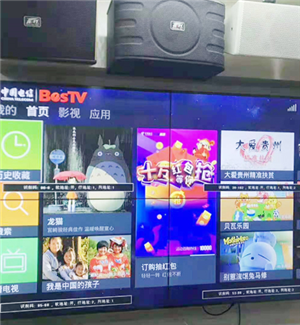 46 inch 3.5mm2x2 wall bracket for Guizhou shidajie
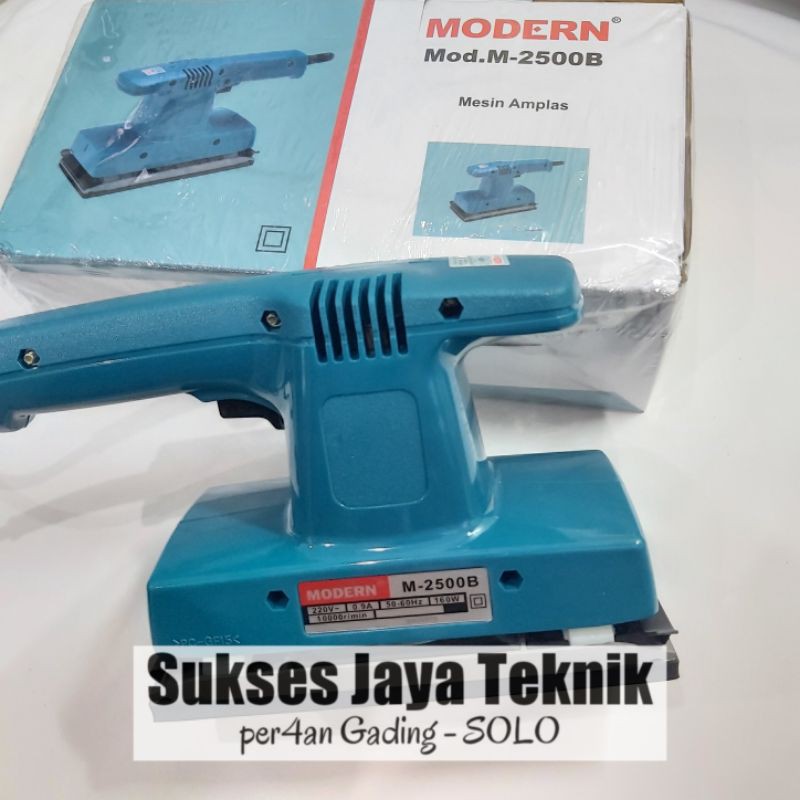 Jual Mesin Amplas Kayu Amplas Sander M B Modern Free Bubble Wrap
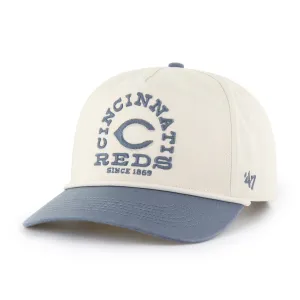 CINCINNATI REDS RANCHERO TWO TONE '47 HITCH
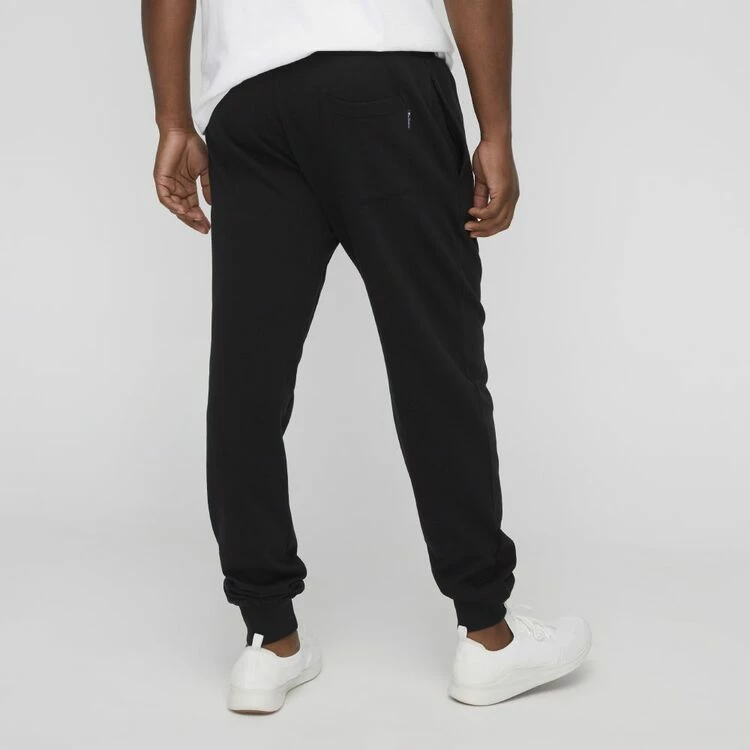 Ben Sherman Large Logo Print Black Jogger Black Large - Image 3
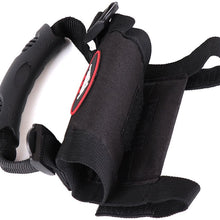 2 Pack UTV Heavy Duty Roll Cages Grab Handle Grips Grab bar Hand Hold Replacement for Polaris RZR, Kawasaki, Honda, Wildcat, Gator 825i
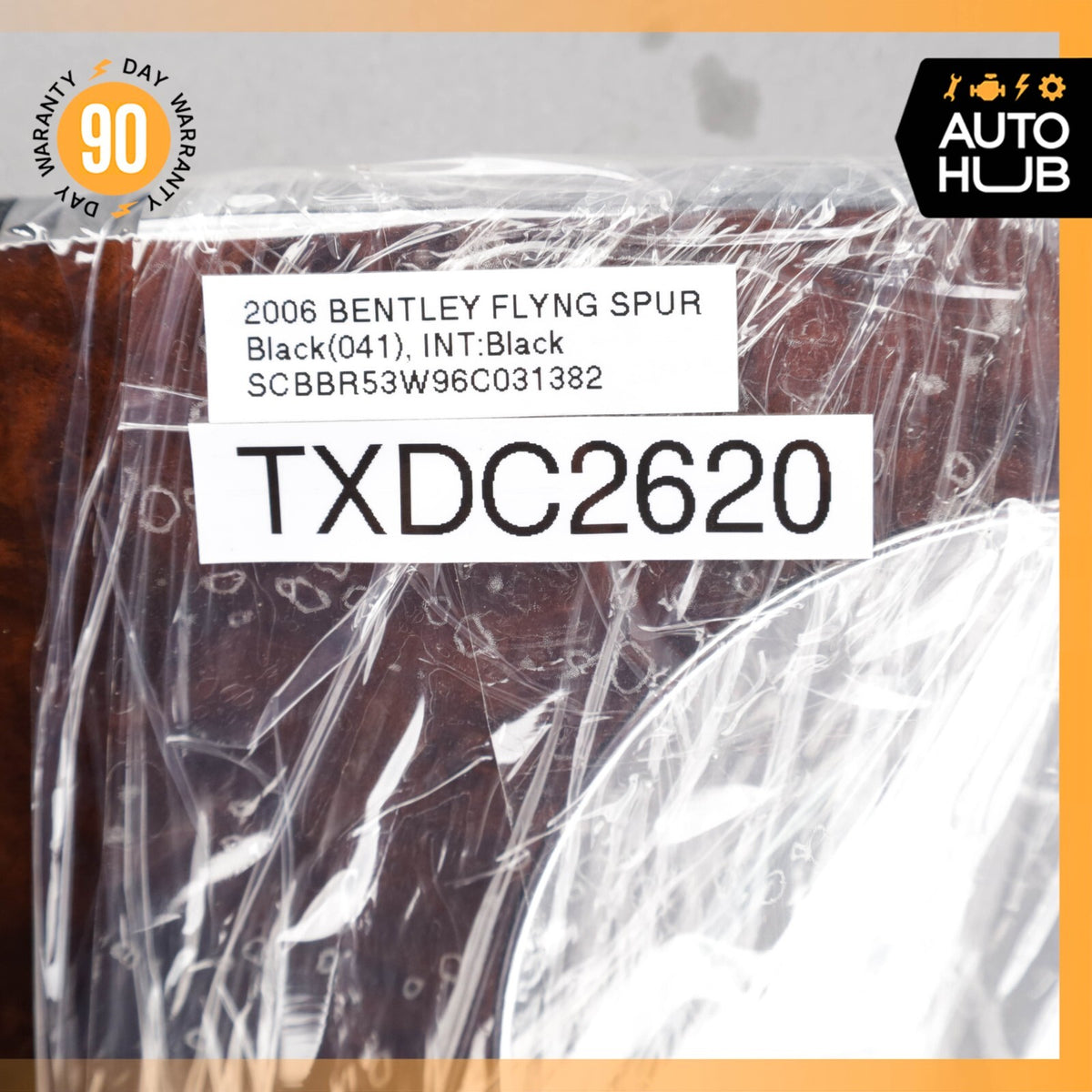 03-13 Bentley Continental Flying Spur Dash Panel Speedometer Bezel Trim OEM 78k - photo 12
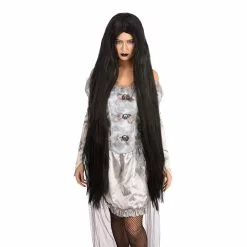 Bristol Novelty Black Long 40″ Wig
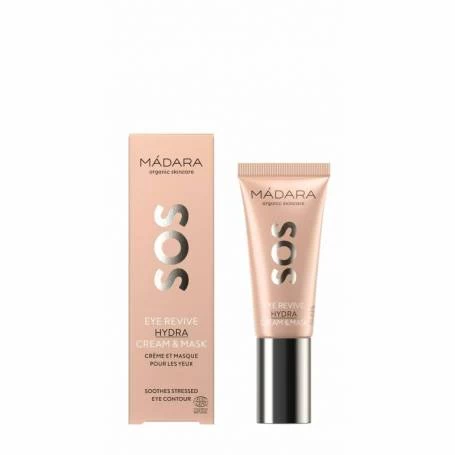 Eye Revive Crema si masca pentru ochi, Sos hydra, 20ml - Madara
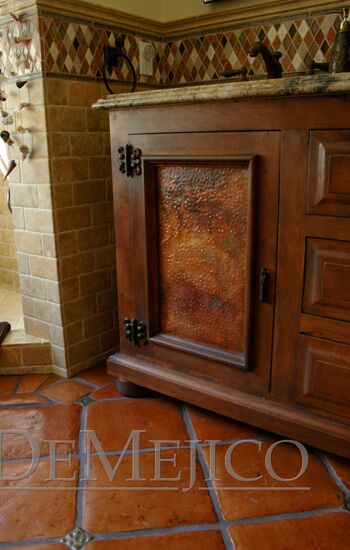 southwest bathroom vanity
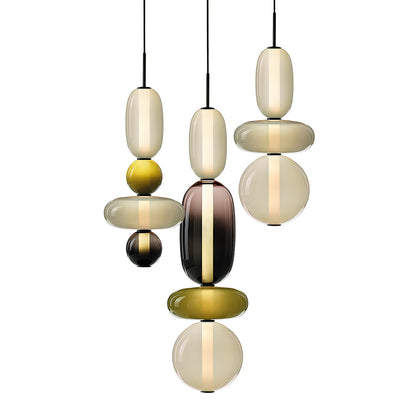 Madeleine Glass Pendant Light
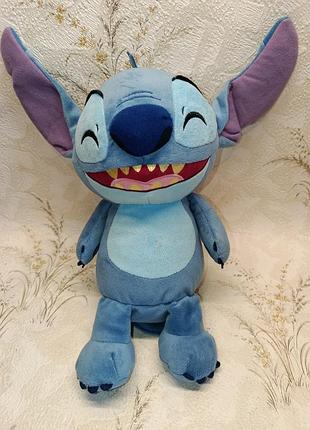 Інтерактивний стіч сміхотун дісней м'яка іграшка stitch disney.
----------
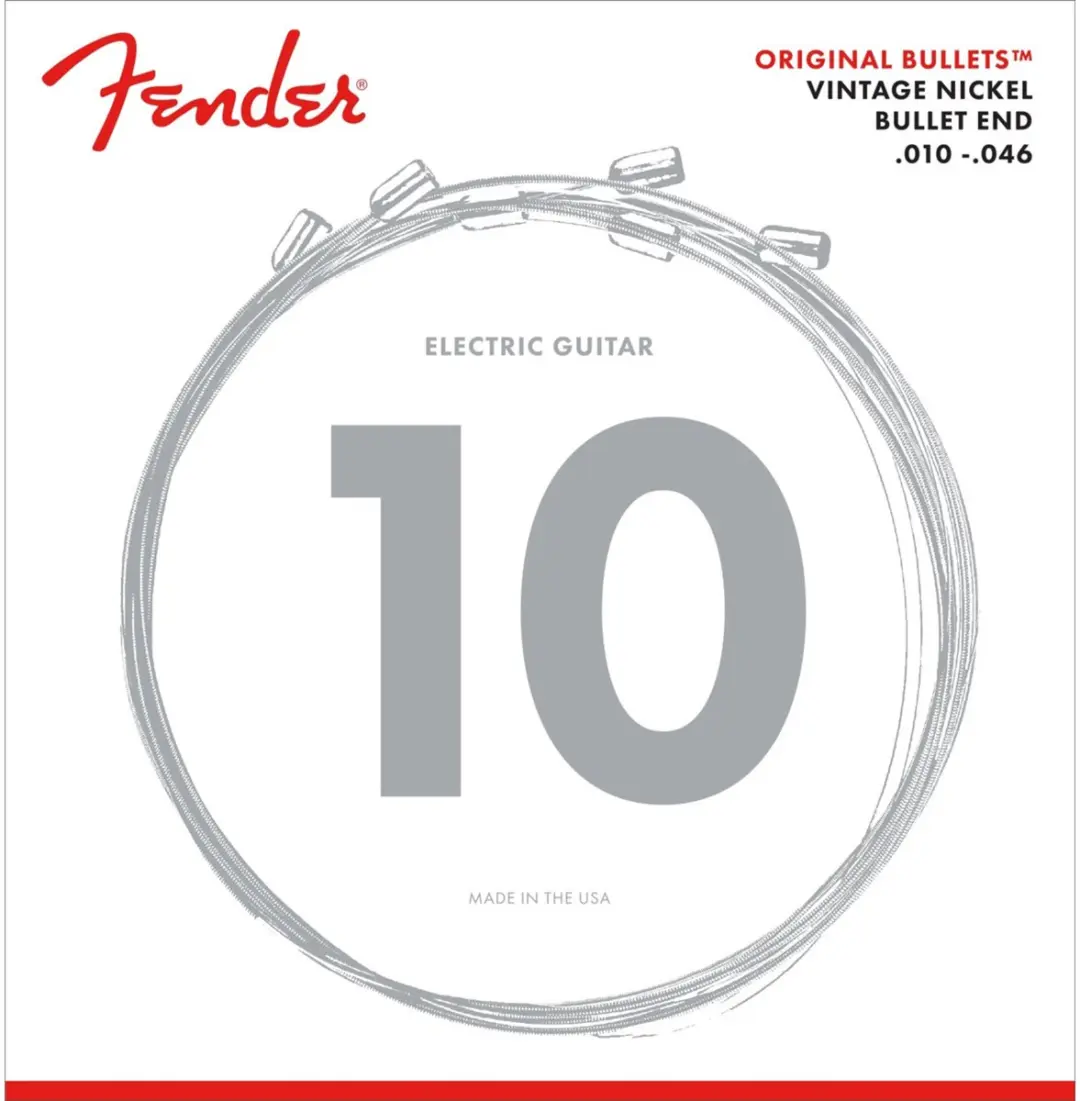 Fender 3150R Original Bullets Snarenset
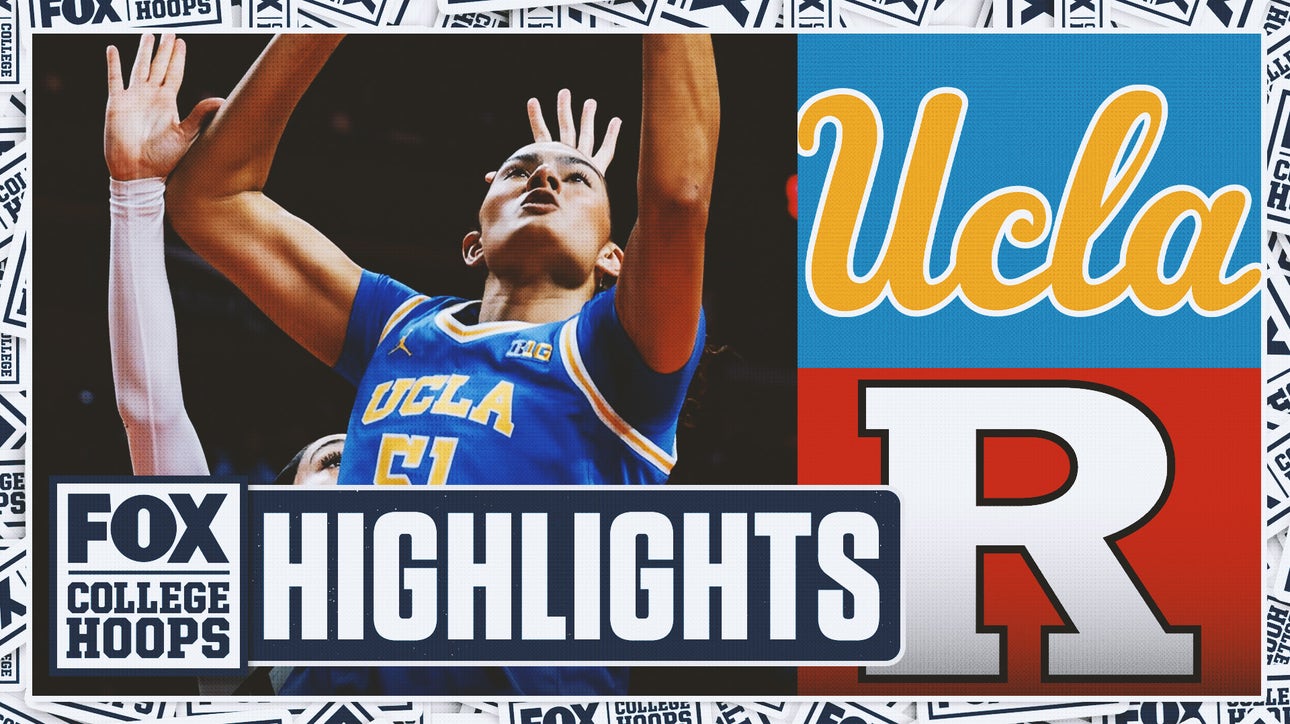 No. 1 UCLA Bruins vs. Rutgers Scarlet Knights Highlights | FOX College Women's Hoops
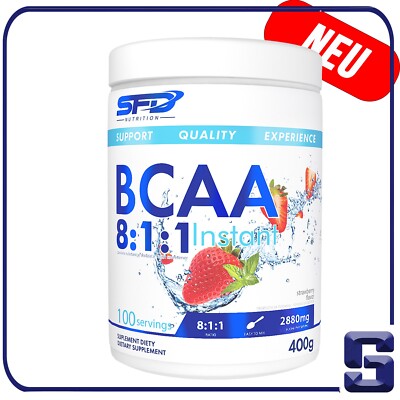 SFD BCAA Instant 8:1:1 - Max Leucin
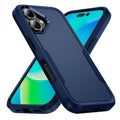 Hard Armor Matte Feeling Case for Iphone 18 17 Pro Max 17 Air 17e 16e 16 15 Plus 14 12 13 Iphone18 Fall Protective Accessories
----------
#### Exercise goal
Set down, exactly as written above, each line from the one with "SFD BCAA Instant 8:1:1 - Max Leucin" through the one with "Hard Armor Matte", and skip the pictures.

#### Reply to the task
 SFD BCAA Instant 8:1:1 - Max Leucin
 Hard Armor Matte Feeling Case for Iphone 18 17 Pro Max 17 Air 17e 16e 16 15 Plus 14 12 13 Iphone18 Fall Protective Accessories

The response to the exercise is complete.